Non è facile riuscire a districarsi dal fitto groviglio di note musicali ed idee che si intrecciano rigogliose in questo quarto lavoro del quartetto belga che si articola per di più in un doppio CD. Ben 15 musicisti sono stati chiamati ad integrare il nucleo fondamentale della band composto dal sassofonista e tastierista Henry Krutzen, dal bassista Alain Lemaître, dal chitarrista Alexandre Moura e dal cantante Richard Redcrossed, la cui performance canora è in realtà apprezzabile soltanto in 2 brani su un totale di 15.

Gli strumenti musicali scelti sono quelli di una piccola orchestra, andando dal clarinetto ai classici archi, al corno inglese e all'oboe, fino a tutta una vasta gamma di percussioni classiche ed etniche.
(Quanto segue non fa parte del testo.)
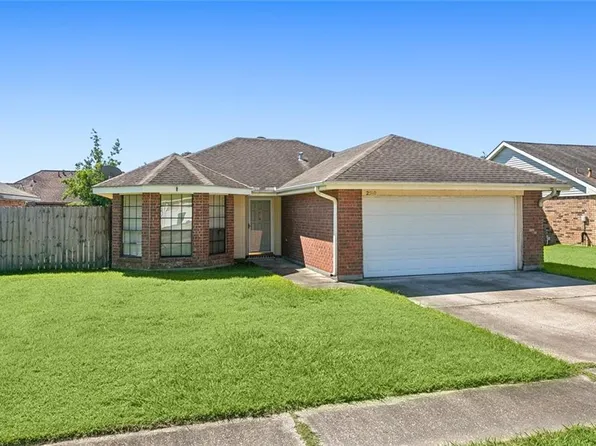 2560 Long Branch Dr, Marrero, LA 70072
E' evidente che la musica classica, ed in particolare quella contemporanea, c'entra qualcosa, anche se gli strumenti non sono utilizzati tutti assieme a creare qualcosa di sinfonico e orchestrale ma vengono scelti di brano in brano, creando dei piccoli insiemi da musica da camera. Bisogna poi aggiungere che lo spirito della band è piuttosto avanguardistico, profuma di jazz, contaminazioni e non preclude sperimentazioni. L'opener "The Voyage of Maeldun" è un ottimo biglietto da visita ed invoglia sicuramente ad entrare in un fitto sottobosco di suoni e variazioni musicali. Troviamo a farci strada un duetto intrigante fra un flauto un po' stridulo e un vivace violino e più avanti vengono inseriti efficaci intarsi elettrici che si muovono su basso sincopato e un intermezzo incantevole con oboe e chitarra classica. La composizione è spezzettata con un equilibrato alternarsi di strumenti diversi che si intrecciano, momenti di silenzio e cambi improvvisi di situazione. Il suono non è compatto, non vi sono tappeti di sottofondo ma tutte le voci musicali si stagliano nette su uno sfondo limpido, come se danzassero in punta di piedi in un luogo sperduto ed inviolabile. Nonostante la mancanza di linearità la composizione trova una sua logica che la rende godibile. "Back On", la traccia successiva è cupa e Crimsoniana, punteggiata di suoni spettrali e scenari che potrebbero ricordare gli Änglagård di "Epilog". Questa stessa percezione emerge più volte nel corso dell'ascolto e ci si potrebbe chiedere, ascoltando ad esempio alcuni momenti della lunga "Fata Morgana", se i Finnegans Wake abbiano mai trascorso qualche serata in una fredda foresta di conifere e betulle svedese. Questo paragone non deve però confondere troppo l'ascoltatore: nei Finnegans Wake non si trova la stessa aggressività e la stessa sinfonicità del gruppo scandinavo. Dopo il breve intermezzo acustico di "Olinda" troviamo i due pezzi di chiusura: "Mercurial" con i suoi temi musicali alienanti e magnetici e "Tapioca com Pimenta" con riff di chitarra imponenti e metallici che si contrappongono alla dolcezza degli strumenti classici, tastiere infuocate lanciate in assoli brevi e veloci ed un solo conclusivo di chitarra elettrica indiavolato.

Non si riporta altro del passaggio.